▸ **Work to be completed**: In this exercise, print only the lines of the records below from the one with "Gwen Stefani Glamour" through the one with "United States Geological", inclusive. Pictures are not part of the copy.
● ● ● ● ●
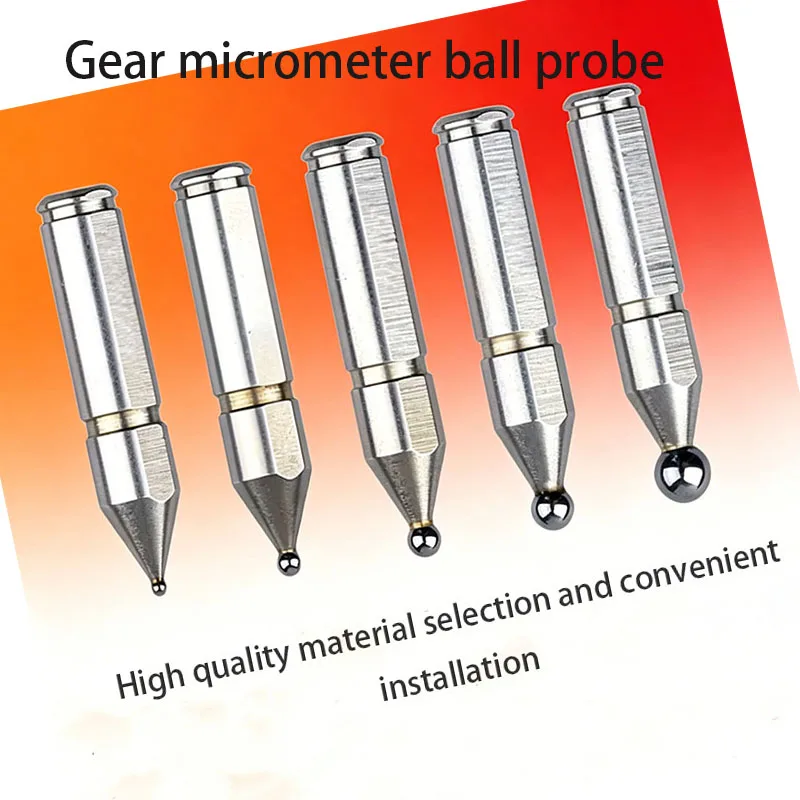 High Precision Micrometer Measuring Head, Hard Alloy Ball Gear Measuring Needle, Modulus Gear Measuring Head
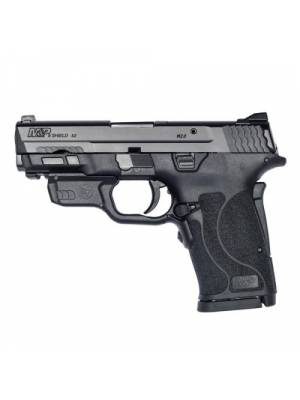 S&W M&P9 Shield EZ M2.0, No Thumb Safety, Crimson Trace Red Laserguard, 3.675″ BBL, 9mm, 8rd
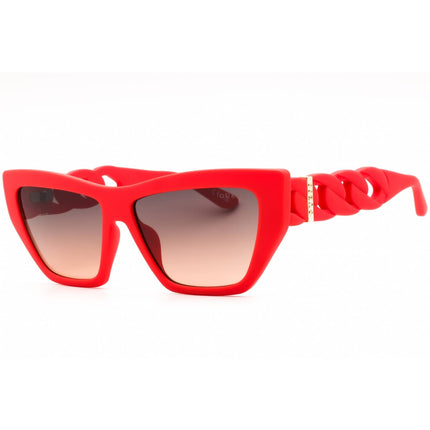 Guess Women's Sunglasses - Matte Pink Cat Eye Full Rim Frame Smoke Lens | GU00111 73B ,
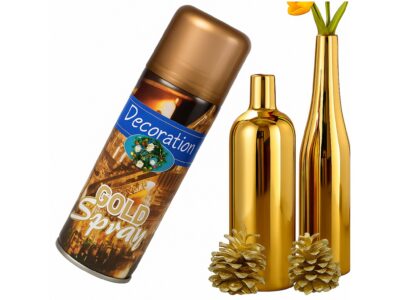 SPRAY DEKORACYJNY FARBA - złoty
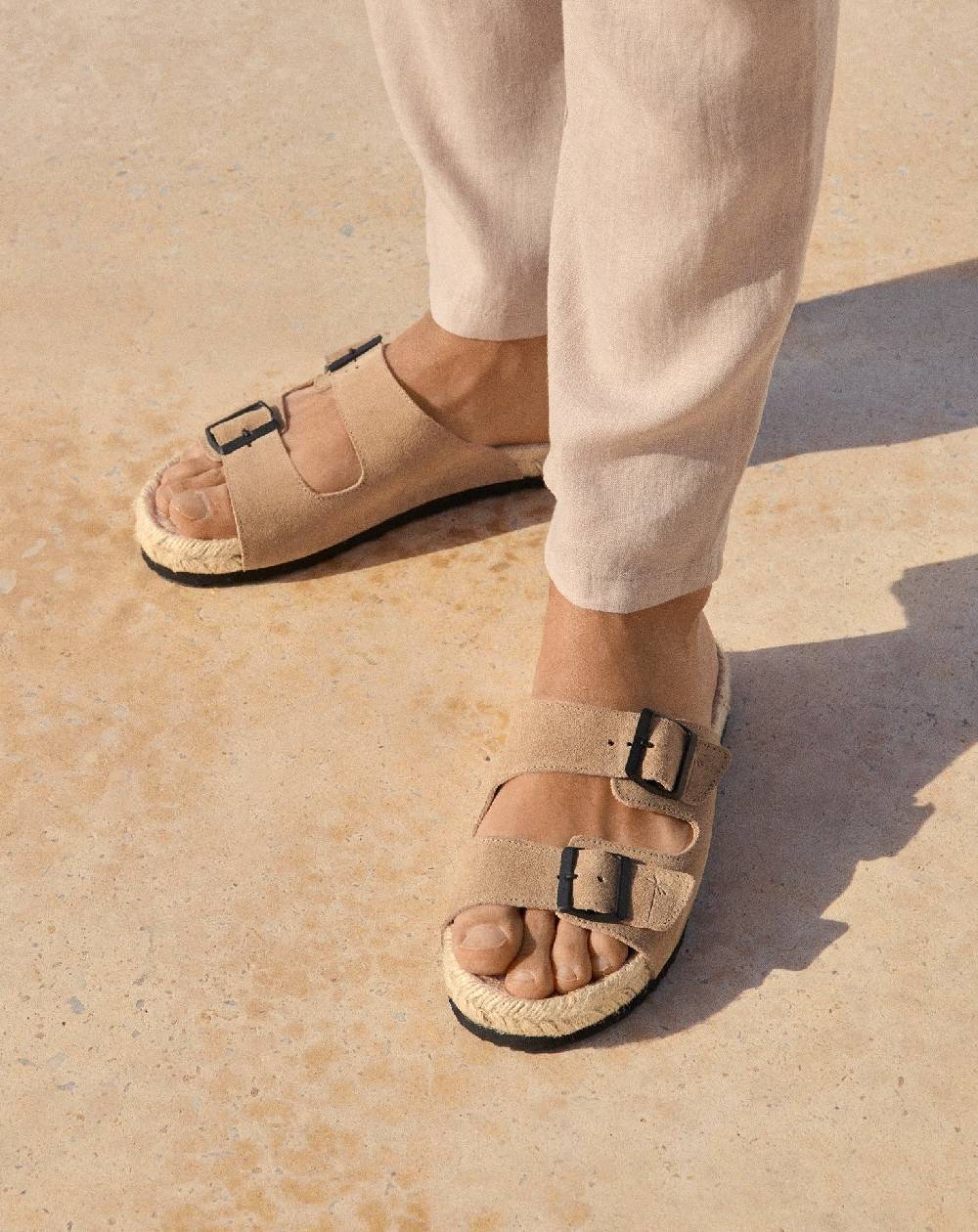 Manebí Suede Nordic Sandals - Hamptons Vintage Taupe 2025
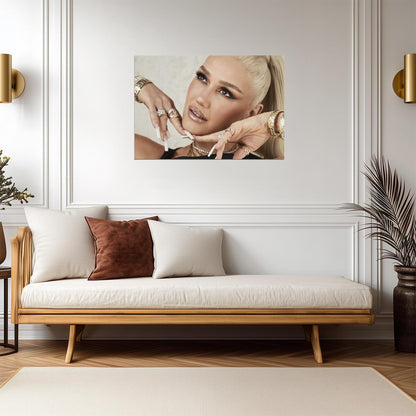 Gwen Stefani Glamour Photoshoot | Pop Music Poster | Celebrity Wall Art - Music Poster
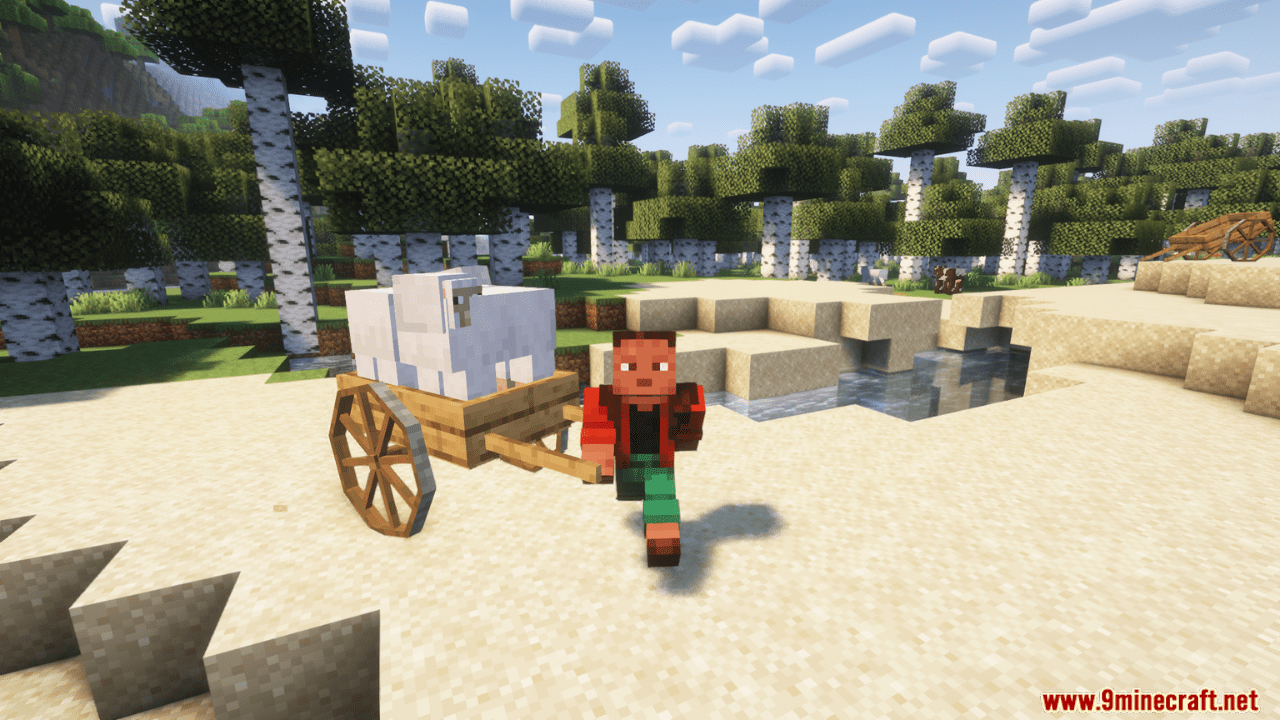 Nifty Carts Mod (1.20.6, 1.20.1) - Supply Cart, Plow, and Animal Cart 7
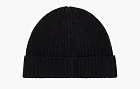  Stone Island Ribbed Beanie Black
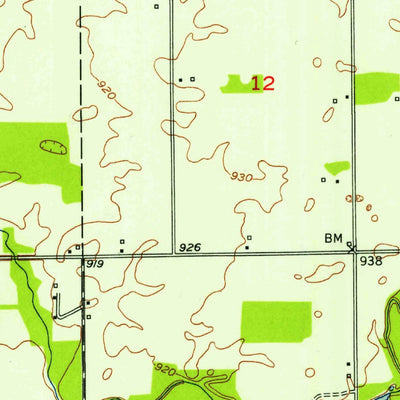 United States Geological Survey Pendleton, IN (1953, 24000-Scale) digital map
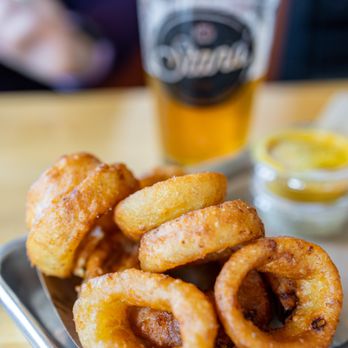 The Stand - Onion Rings ($5/small) - New American Near Me - Santa Clara, California The Stand - Onion Rings ($5/small) - New American Near Me - Santa Clara, California
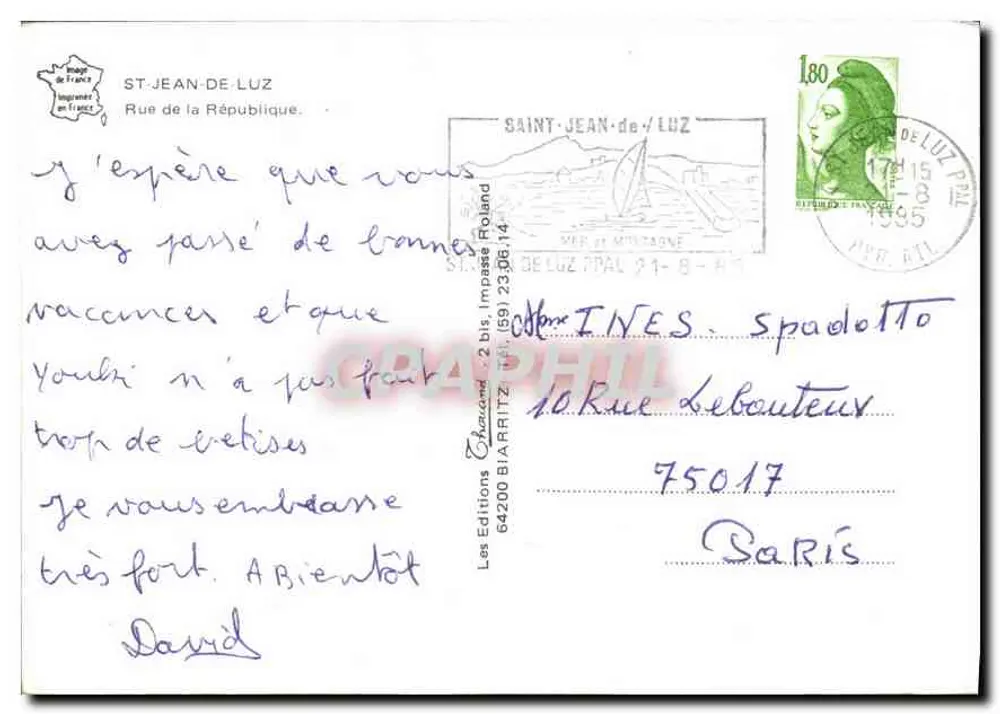 Rua animada em Pancy — editor Thorond, n° 75017 - Verso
● ● ● ● ●
▸ **Finished task**:
 Gwen Stefani Glamour Photoshoot | Pop Music Poster | Celebrity Wall Art - Music Poster
 Nifty Carts Mod (1.20.6, 1.20.1) - Supply Cart, Plow, and Animal Cart 7
  Stone Island Ribbed Beanie Black
 United States Geological Survey Pendleton, IN (1953, 24000-Scale) digital map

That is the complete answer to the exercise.